A motion seeking a judgment of acquittal notwithstanding the jury’s verdict was filed in U.S. District Court in Oklahoma City for former Senate President Pro Tem Mike Morgan, D-Stillwater. The motion, filed electronically on Sunday, claims evidence does not support Morgan’s conviction.
Morgan, 57, was convicted of bribery on March 5 by a jury that found him not guilty of related extortion and mail fraud counts and could not reach a verdict on other counts. Federal prosecutors have filed a motion to dismiss the mistried counts.
Morgan was accused of illegally accepting more than $400,000 from three companies that sought his influence on pending legislation between 2005 and 2008. Morgan has said the payments were for legal services he performed for the companies.

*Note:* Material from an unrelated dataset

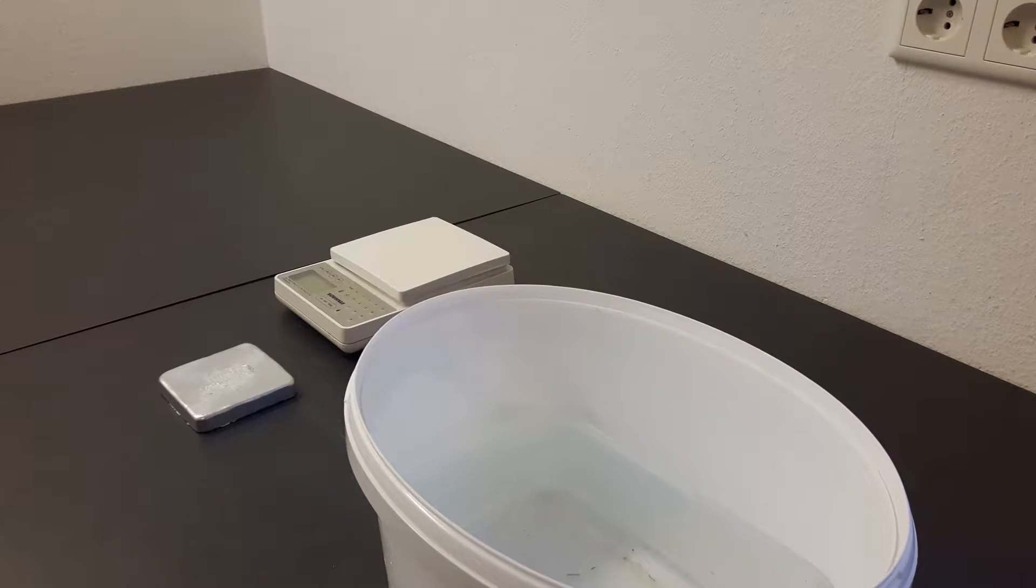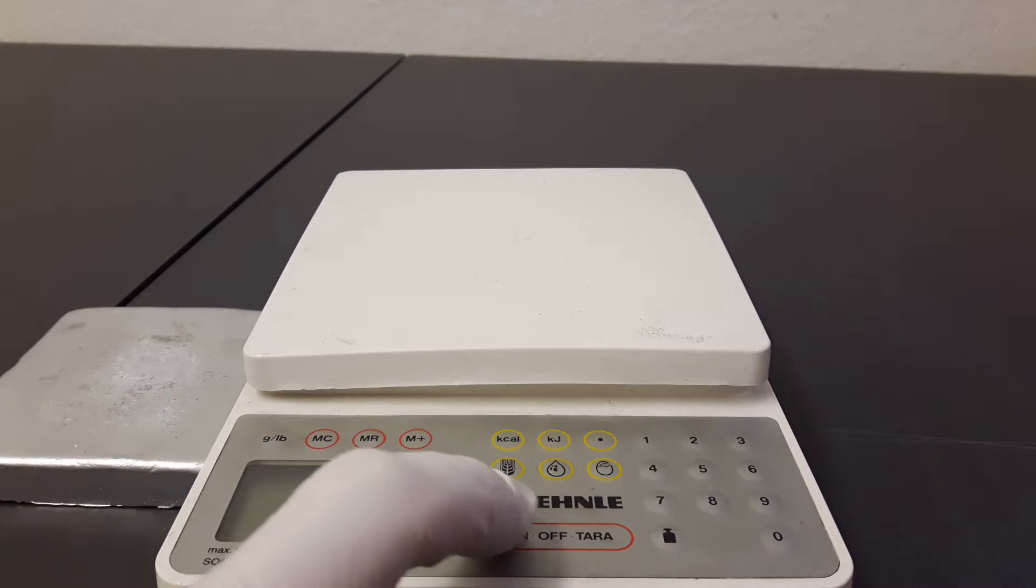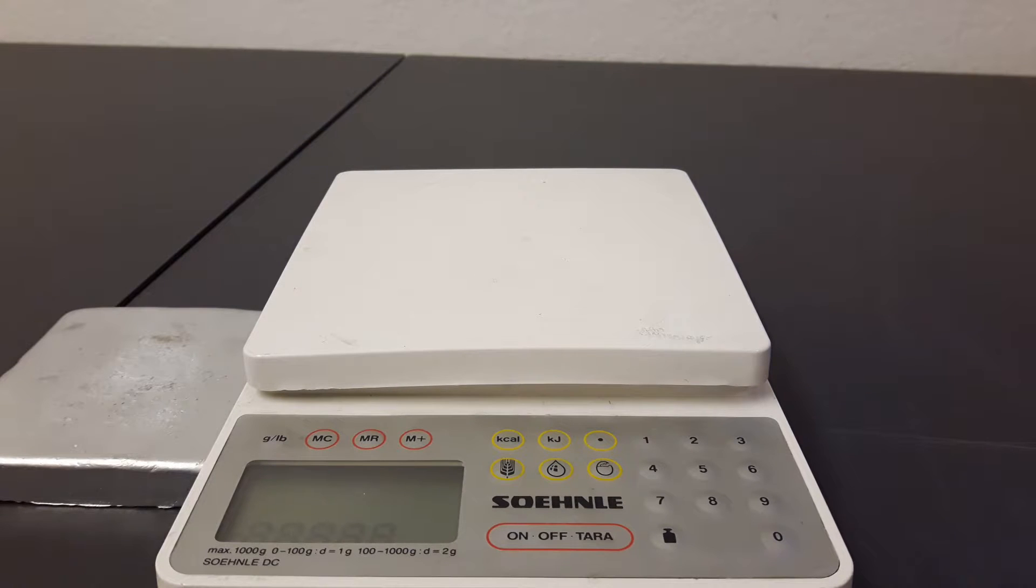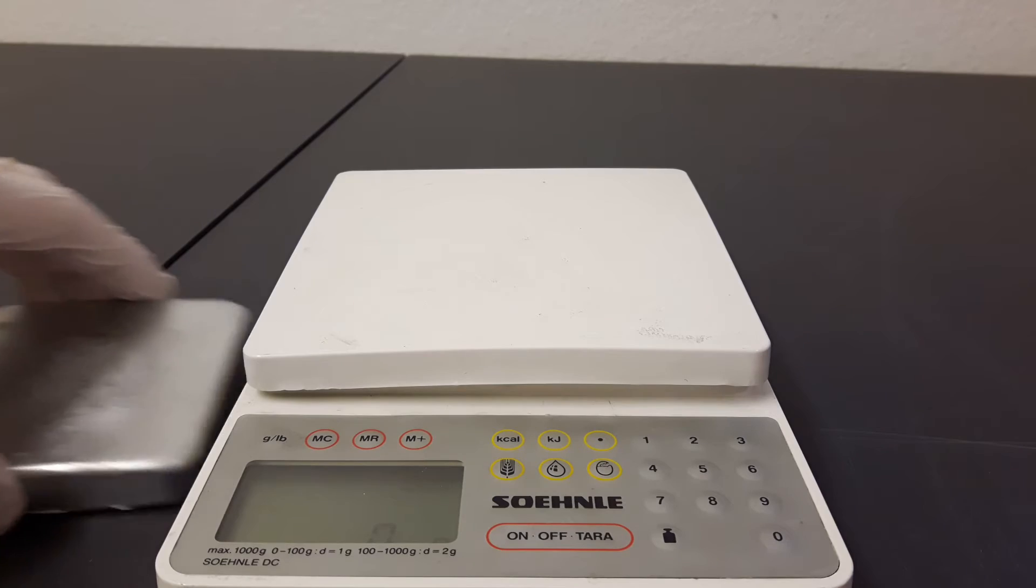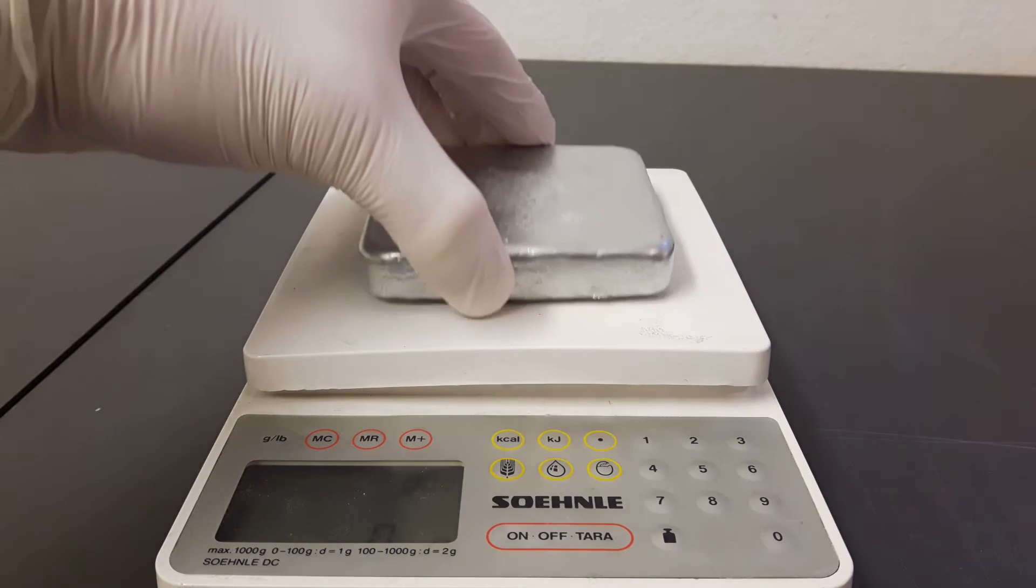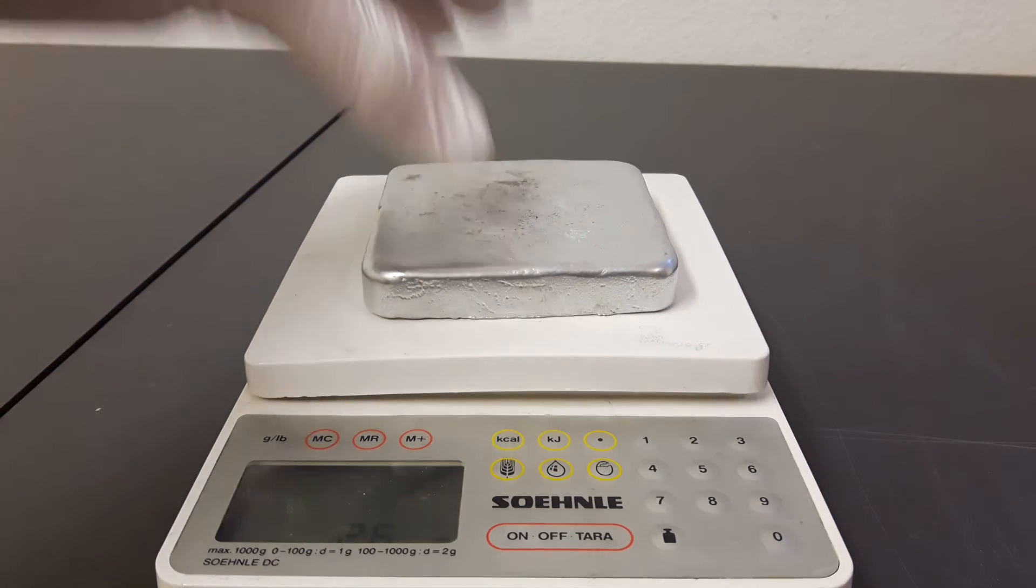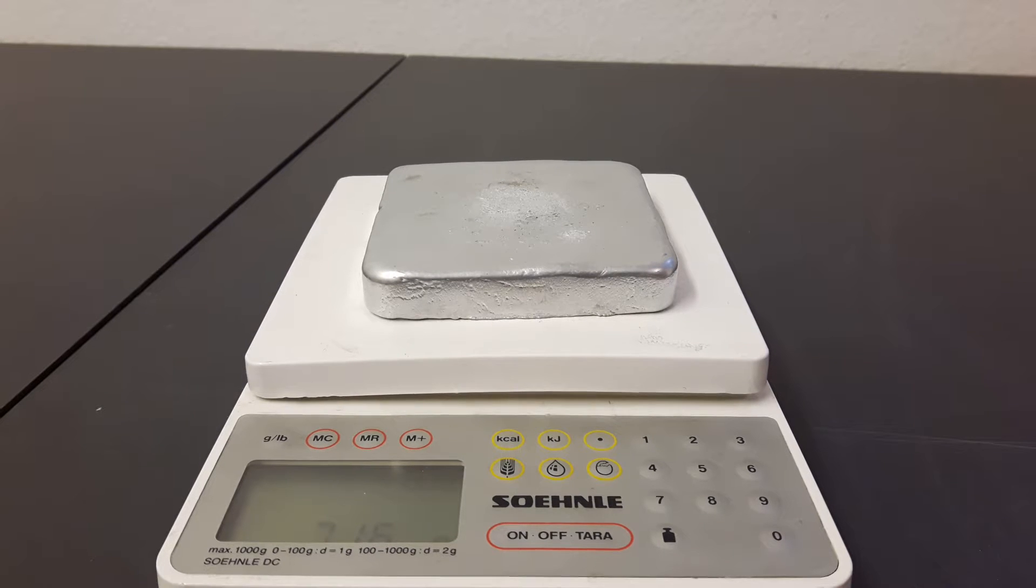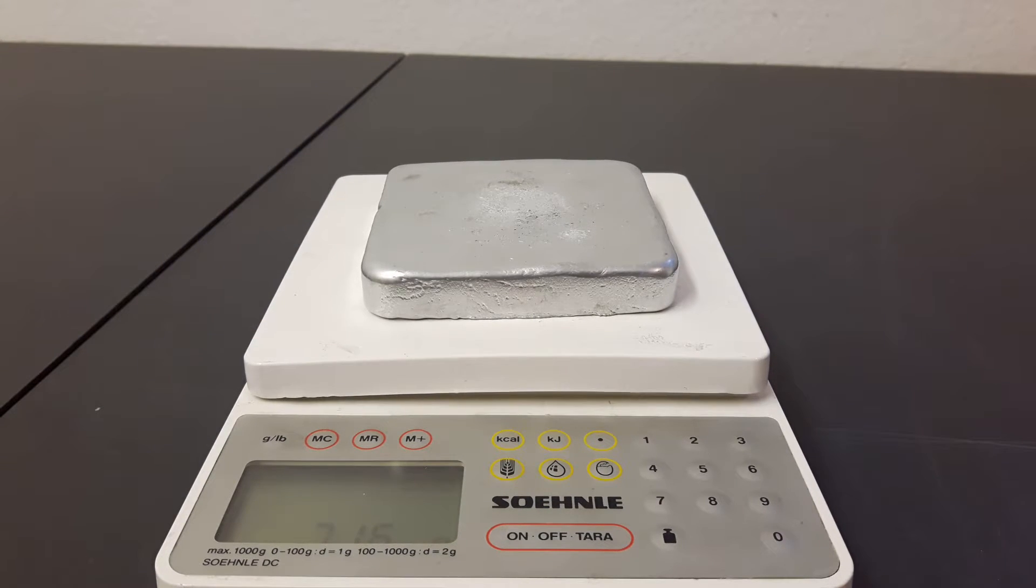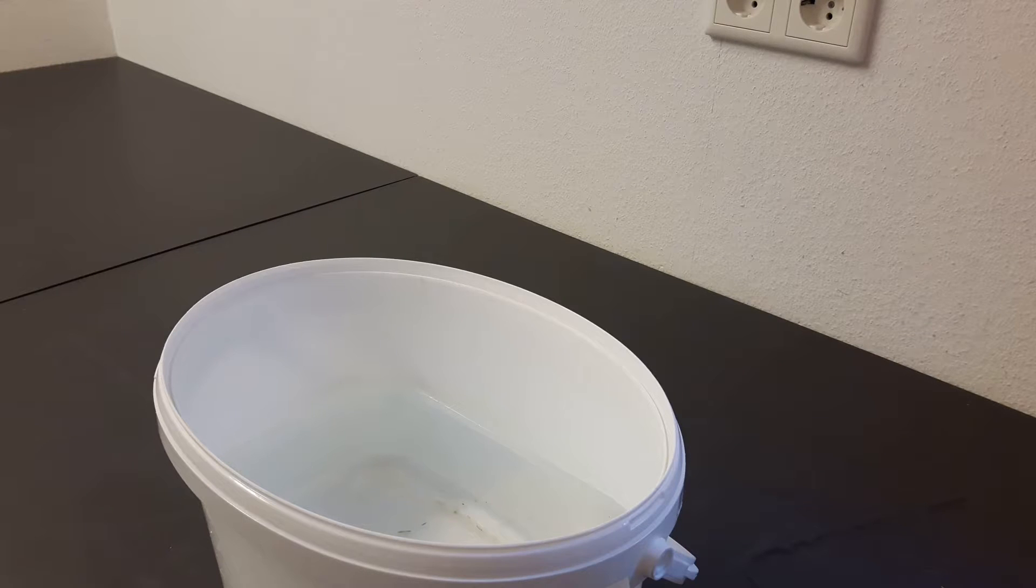To determine the density, I first weigh the zinc ingot and it turns out that the ingot is about 716 grams. Because the ingot is not perfectly square and the edges are round, I cannot measure it precisely.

All charges against a co-defendant, lobbyist William Andrew Skeith, 53, of Edmond, were dismissed by U.S. District Judge Robin Cauthron. Cauthron also dismissed half the counts against another co-defendant, attorney N. Martin Stringer, 71, of Oklahoma City, and the jury acquitted him on the rest.
Morgan’s attorney, David Ogle, also asked Cauthron for more time to request a new trial in the event she denies Morgan’s request for acquittal. In a separate motion, Ogle asked Cauthron for permission to contact members of the jury that convicted Morgan on the lone bribery count.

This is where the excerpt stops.